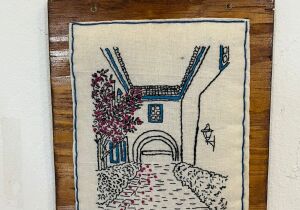 Mostra revisita memórias de Cabo Frio em bordados de mulheres do coletivo Trama dos Lagos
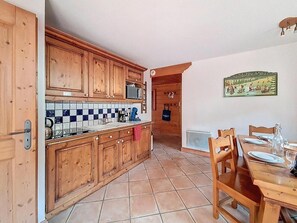 Fridge, dishwasher, coffee/tea maker, toaster - 2nd floor, swimming pool, balcony, tv, ski locker, 50m², Les Menuires (Les Menuires)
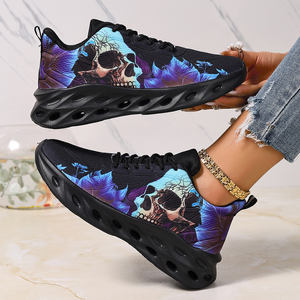 Productos con Logotipo Personalizado 2026, Zapatillas de Baloncesto Negras con Estampado de Calavera, Precio al por Mayor OEM, Zapatillas Deportivas Sublimadas para Correr - Product Image 1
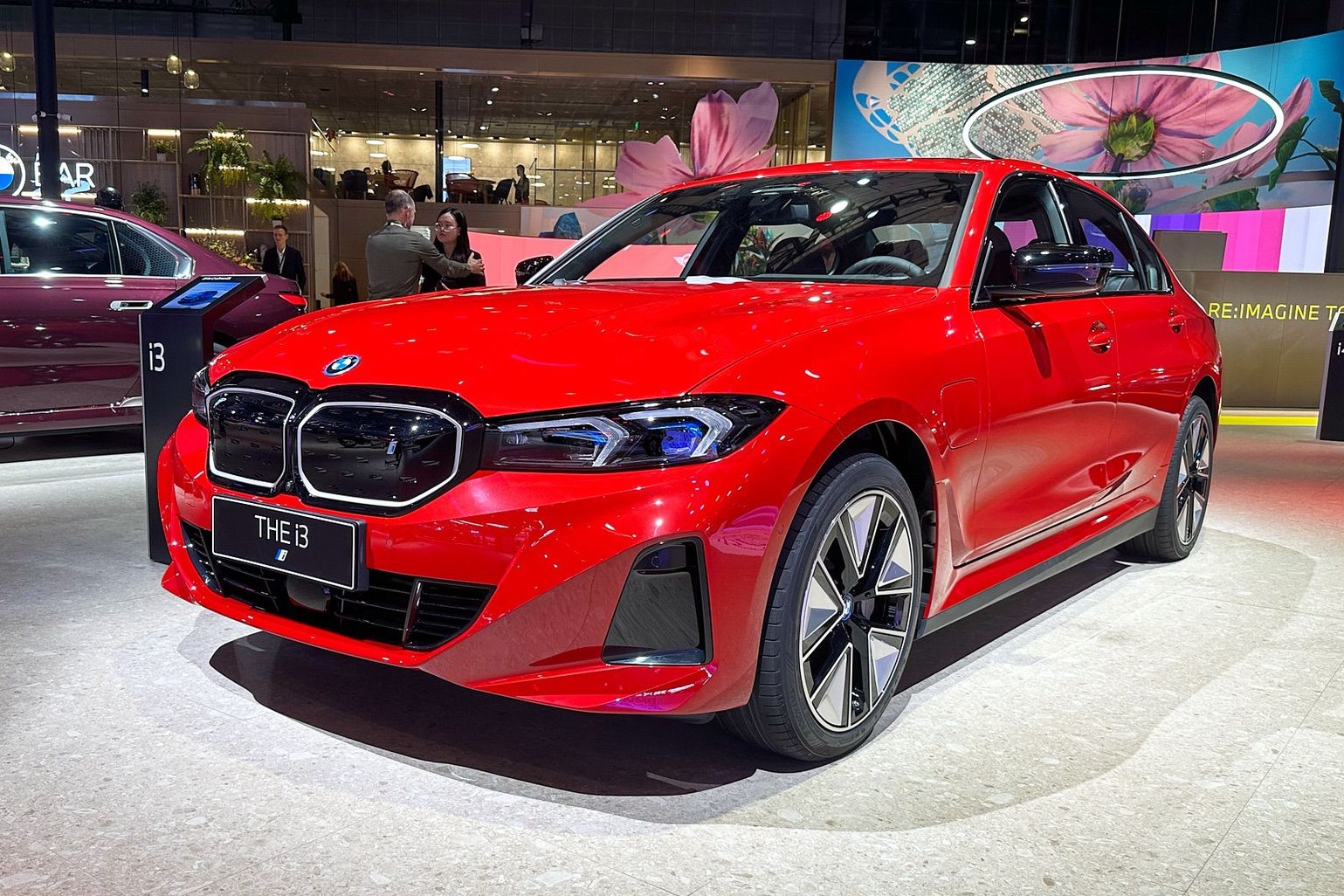 bmw,  bmw i3,  bmw i3 sedan,  i3,  i3 sedan,  ix3,  bmw ix3,  mercedes-benz,  mercedes,  eq,  mercedes-eq,  glc,  glc eq,  c-class,  c-class eq,  xe dien,  ev anh 2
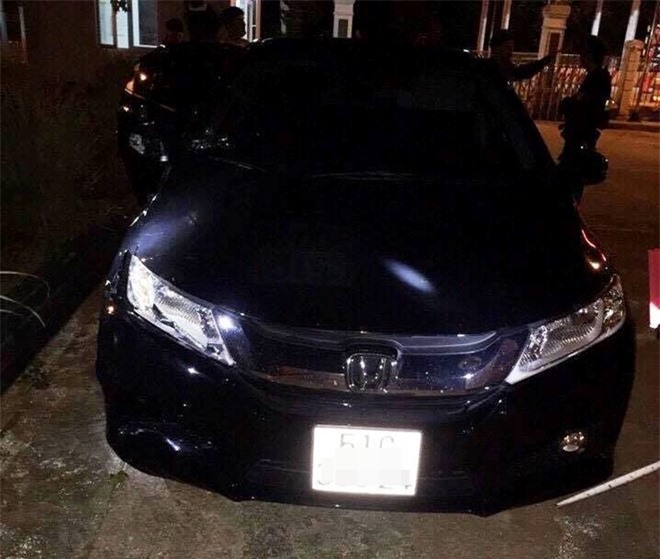 Nhóm người nước ngoài lái ôtô tông chết người rồi bỏ trốn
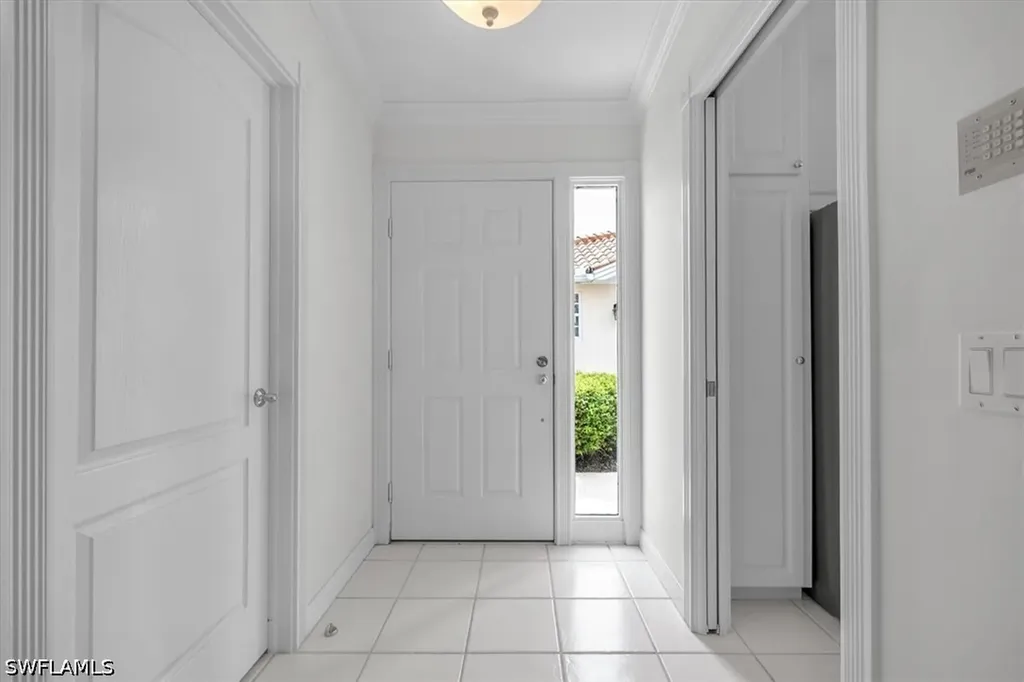 4155 Los Altos Court Naples FL 34109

PROBLEM TO WORK ON:
Transcribe, word for word, the line holding "Fridge, dishwasher, coffee/tea" and all lines after it in the entries above, ending with the last. Only those lines; no pictures.

ANSWER TO THE EXERCISE:
 Fridge, dishwasher, coffee/tea maker, toaster - 2nd floor, swimming pool, balcony, tv, ski locker, 50m², Les Menuires (Les Menuires)
 Productos con Logotipo Personalizado 2026, Zapatillas de Baloncesto Negras con Estampado de Calavera, Precio al por Mayor OEM, Zapatillas Deportivas Sublimadas para Correr - Product Image 1
 bmw,  bmw i3,  bmw i3 sedan,  i3,  i3 sedan,  ix3,  bmw ix3,  mercedes-benz,  mercedes,  eq,  mercedes-eq,  glc,  glc eq,  c-class,  c-class eq,  xe dien,  ev anh 2
 Nhóm người nước ngoài lái ôtô tông chết người rồi bỏ trốn
 4155 Los Altos Court Naples FL 34109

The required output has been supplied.